Satellite Logistics also operates as Hillebrand, an international company based in Houston that specializes in storing and distributing beer, spirits and wine. A company representative did not immediately reply to a request for comment.
Nearly every week, Heineken USA imports large shipments of bottles and cans of various brands from Heineken Brewery in Amsterdam.
In January 2019, 11 shipping containers were dispatched from Rotterdam, Netherlands and Antwerp, Belgium to the Port of Newark. From Newark, the cargo was shipped by rail to Satellite Logistics’ warehouse in Bedford Park, Illinois, near Chicago.
The containers arrived from late January to mid-February 2019. The cargo was supposed to be promptly removed from the containers and stored in Satellite Logistics’ climate-controlled warehouse.

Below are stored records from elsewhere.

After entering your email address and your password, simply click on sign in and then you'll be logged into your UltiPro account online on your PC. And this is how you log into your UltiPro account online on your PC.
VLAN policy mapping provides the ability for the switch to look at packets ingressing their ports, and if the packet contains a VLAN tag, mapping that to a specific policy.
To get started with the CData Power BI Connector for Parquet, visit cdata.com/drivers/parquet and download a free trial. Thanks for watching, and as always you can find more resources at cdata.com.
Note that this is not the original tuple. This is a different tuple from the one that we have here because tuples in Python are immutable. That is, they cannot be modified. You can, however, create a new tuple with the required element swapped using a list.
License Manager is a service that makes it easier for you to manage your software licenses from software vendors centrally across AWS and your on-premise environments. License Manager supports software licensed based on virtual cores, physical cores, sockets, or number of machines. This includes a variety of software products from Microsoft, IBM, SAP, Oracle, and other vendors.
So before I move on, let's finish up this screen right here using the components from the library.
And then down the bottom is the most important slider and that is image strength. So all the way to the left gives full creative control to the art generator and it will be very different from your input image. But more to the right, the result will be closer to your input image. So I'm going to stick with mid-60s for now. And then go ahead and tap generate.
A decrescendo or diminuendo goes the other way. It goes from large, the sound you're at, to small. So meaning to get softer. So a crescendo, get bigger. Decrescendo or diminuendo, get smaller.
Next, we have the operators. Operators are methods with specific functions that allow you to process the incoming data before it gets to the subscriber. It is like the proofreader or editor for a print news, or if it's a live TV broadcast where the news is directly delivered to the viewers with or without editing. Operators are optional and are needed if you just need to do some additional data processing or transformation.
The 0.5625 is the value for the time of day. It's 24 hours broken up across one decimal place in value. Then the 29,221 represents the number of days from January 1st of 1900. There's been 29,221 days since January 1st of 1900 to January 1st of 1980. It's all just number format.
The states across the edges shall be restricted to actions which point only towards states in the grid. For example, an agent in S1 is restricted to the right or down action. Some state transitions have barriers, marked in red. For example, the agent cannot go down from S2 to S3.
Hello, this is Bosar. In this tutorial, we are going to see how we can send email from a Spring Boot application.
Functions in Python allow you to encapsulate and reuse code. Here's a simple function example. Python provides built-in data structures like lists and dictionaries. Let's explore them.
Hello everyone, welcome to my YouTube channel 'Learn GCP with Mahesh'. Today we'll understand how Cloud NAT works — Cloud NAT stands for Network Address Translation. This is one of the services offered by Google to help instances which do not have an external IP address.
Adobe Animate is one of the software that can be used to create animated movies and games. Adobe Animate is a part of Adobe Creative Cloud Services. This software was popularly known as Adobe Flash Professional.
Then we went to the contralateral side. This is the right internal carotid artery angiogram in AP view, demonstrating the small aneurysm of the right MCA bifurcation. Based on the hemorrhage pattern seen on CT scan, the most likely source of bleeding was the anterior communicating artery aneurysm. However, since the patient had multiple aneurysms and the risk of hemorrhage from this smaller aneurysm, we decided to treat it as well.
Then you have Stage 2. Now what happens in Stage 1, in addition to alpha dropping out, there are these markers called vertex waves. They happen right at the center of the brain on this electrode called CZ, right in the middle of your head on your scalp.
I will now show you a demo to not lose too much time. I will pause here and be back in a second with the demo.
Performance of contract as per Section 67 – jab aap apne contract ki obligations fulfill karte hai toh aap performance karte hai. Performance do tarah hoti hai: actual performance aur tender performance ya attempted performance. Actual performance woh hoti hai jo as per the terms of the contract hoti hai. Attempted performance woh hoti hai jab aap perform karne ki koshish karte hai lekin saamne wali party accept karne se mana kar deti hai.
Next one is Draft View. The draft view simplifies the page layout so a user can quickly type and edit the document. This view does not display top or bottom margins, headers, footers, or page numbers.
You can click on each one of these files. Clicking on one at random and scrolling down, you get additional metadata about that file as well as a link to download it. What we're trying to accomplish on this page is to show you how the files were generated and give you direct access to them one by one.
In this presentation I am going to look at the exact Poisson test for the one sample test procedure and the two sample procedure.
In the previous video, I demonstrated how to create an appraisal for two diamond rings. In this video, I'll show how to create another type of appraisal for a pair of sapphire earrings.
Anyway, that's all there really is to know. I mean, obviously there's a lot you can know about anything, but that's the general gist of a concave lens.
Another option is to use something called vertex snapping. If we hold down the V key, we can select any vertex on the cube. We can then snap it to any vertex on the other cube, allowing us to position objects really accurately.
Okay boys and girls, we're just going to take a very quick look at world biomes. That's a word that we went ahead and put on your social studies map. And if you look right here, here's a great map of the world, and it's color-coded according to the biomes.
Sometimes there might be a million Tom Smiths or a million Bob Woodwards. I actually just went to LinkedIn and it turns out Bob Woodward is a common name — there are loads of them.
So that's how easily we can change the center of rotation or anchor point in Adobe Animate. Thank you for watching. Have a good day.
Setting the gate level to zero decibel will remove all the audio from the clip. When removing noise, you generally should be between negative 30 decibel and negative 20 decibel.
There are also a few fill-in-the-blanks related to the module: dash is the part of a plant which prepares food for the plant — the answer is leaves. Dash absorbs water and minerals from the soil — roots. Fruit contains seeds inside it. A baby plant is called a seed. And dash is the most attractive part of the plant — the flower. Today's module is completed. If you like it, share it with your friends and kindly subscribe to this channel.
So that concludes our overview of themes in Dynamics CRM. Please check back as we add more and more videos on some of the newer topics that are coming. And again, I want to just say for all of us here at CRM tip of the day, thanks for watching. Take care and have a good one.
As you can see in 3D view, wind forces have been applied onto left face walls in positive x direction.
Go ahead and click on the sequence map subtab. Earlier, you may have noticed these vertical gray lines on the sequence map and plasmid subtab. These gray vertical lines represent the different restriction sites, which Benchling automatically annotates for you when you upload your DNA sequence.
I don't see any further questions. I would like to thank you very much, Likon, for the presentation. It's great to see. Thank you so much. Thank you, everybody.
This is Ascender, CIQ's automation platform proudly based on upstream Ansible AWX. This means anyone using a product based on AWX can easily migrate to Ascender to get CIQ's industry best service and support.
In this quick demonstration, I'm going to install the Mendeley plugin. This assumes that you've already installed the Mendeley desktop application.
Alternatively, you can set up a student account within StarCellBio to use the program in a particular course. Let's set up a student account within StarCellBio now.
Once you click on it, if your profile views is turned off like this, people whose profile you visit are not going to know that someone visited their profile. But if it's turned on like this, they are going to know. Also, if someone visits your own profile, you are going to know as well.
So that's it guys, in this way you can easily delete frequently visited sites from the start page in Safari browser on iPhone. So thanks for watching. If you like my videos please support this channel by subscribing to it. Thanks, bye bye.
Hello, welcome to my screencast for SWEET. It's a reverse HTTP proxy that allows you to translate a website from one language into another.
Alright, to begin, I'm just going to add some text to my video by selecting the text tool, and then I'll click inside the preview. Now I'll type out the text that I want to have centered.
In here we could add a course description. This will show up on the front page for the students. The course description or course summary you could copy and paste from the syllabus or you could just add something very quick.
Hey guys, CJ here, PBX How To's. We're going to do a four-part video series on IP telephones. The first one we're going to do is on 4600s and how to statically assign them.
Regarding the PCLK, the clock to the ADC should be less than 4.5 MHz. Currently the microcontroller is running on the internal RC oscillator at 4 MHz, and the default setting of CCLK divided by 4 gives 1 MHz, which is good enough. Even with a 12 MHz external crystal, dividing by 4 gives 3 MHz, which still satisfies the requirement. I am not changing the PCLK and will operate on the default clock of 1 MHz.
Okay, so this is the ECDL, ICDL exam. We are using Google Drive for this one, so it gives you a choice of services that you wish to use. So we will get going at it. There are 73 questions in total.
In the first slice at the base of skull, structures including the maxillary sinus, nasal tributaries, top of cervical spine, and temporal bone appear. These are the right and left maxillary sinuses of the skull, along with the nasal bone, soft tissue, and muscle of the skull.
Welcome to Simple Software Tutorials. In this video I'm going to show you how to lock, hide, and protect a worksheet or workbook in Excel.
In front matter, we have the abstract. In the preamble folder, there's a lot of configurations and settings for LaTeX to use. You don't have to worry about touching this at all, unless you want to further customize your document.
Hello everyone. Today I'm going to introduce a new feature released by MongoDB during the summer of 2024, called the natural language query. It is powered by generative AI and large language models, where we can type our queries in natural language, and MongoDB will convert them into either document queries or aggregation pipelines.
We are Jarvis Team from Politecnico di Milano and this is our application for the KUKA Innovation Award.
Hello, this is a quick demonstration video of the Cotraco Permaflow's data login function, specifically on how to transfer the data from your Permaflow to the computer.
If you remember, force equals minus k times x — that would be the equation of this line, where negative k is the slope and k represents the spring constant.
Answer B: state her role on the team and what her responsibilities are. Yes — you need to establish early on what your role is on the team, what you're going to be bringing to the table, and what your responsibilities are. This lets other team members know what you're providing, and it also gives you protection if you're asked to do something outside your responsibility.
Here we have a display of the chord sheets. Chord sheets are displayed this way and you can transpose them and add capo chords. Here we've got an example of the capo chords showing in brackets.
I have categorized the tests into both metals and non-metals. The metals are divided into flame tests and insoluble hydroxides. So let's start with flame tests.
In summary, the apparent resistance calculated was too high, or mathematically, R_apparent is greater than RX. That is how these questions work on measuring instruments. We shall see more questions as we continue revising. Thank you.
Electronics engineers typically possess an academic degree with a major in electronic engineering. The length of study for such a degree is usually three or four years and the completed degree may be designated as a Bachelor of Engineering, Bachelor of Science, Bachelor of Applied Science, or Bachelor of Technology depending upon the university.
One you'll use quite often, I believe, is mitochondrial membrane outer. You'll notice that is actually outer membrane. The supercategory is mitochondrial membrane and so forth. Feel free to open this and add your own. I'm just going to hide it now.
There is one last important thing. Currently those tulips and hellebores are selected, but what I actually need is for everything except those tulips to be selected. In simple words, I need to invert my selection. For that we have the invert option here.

Instead, Heineken alleges, the containers were left in an adjacent rail yard for days as temperatures ranged from zero to -22 degrees Fahrenheit.
While beer devotees the world over appreciate a cold one, there can be too much of a good thing. Beer freezes at 14 degrees Fahrenheit, and when that happens, according to the complaint, the “taste is irreversibly changed.”
The cell walls of the yeast burst. Carbonation decreases. And when the beer thaws, a haze or flakes can be suspended in the water and alcohol.
Heineken claims that 15,030 cases of beer – 360,720 cans and bottles – were damaged.
The importer accuses Satellite Logistics of breach of contract and bailment, damaging a product that had been entrusted to the company.
Heineken is demanding $234,382 for the damaged beers, freight charges and the cost of destroying the unusable product.
Heineken is represented by attorney Lawrence C. Glynn of Little Neck.